# Really, REALLY Dumb Question...lol



## SRPitera (Nov 12, 2006)

OK, here goes...

I have a 12 week old Jack Russell..

He has very long hair hanging down off of the tip of his penis... lol

Can you trim this or is it a functional part of his body?

I told you it was dumb... lol


----------



## workingdog (Oct 19, 2006)

oh i don't think it's dumb.My male pom has long hair there too, and i was just thinking dam it would be nice if that wasn;t there. His next bath off it comes, unless some one answers this question with a reply that it needs to stay( which i doubt)


----------



## Onlinek9 (Nov 12, 2006)

You just obviously need to be careful while trimming! *ouch!* My male aussie had it too. While he was a puppy it was a pee trap. Now it doesn't seem to be much of a problem. But I trimmed it shorter when he was a pup.


----------



## myrna (Oct 29, 2006)

Why don't you make an appointment with your vet. If this needs to be done it should be by a vet. Good luck......


----------



## workingdog (Oct 19, 2006)

What! i'm sure my vet would laugh at me.It's just hair hanging down, you would have to be a complete idoit, to cut anything that should'nt be cut.


----------



## workingdog (Oct 19, 2006)

Hey Myrna i just reread my post. It could be took'en as rude.Not my intentions.


----------



## SRPitera (Nov 12, 2006)

Went to the vet today (For regular visit) and sure enough, this is a commonly asked question...lol

It is now trimmed... Turns out it is just normal puppy hair that can be removed...


----------



## DOTTI (Nov 11, 2006)

You Can Trim It.my Peke Has Long Hair There Also And Yhe Groomer Takes Alot Off Whene He's Bathed


----------



## daisy (Aug 23, 2006)

yea you can do it your self becouse he might need it when hes all grown up to i know that groomers clip the hair ther and in femails to


----------



## Jessica&Crew (Sep 23, 2006)

It is common to clip thast hair. 

With long haired breeds (I know yours isnt) people often trim some of the belly hair as well.


----------



## ejabarnes (Nov 30, 2006)

yes it can be trimmed with scissors do not clip as the blade can easily slip and snip his privates so i would be careful you can get this done at the groomers which is called a hygeine trim or sanitary trim


----------



## APBTgal (Dec 10, 2006)

myrna said:


> Why don't you make an appointment with your vet. If this needs to be done it should be by a vet. Good luck......

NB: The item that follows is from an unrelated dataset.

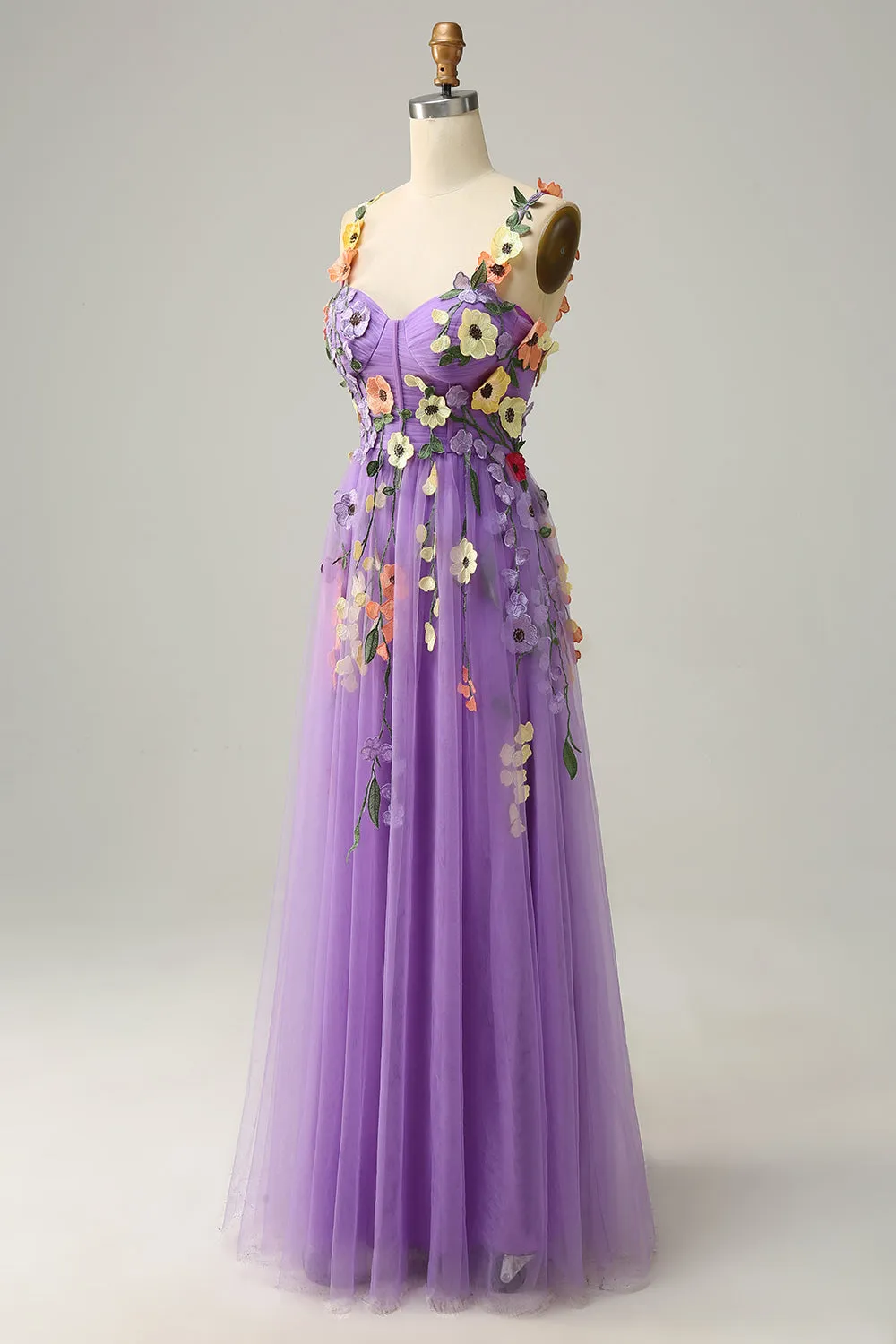 A Line Purple Spaghetti Straps Prom Dress With 3D Flowers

common sense is all you need. its like trimming nails no need to go to the vet for something you can do.


----------



## pupskersandhutch (Nov 20, 2006)

with my Pekingnese they shave the butthole so she can poo better if we don't then she get's dingle berries and frankly that's grooss. I would think that cutting the hair might be sensitive and i don't know how well they would lay for that I would leave it it's not like it's bothering them unless it's as long as long as Santa's beard!!.


----------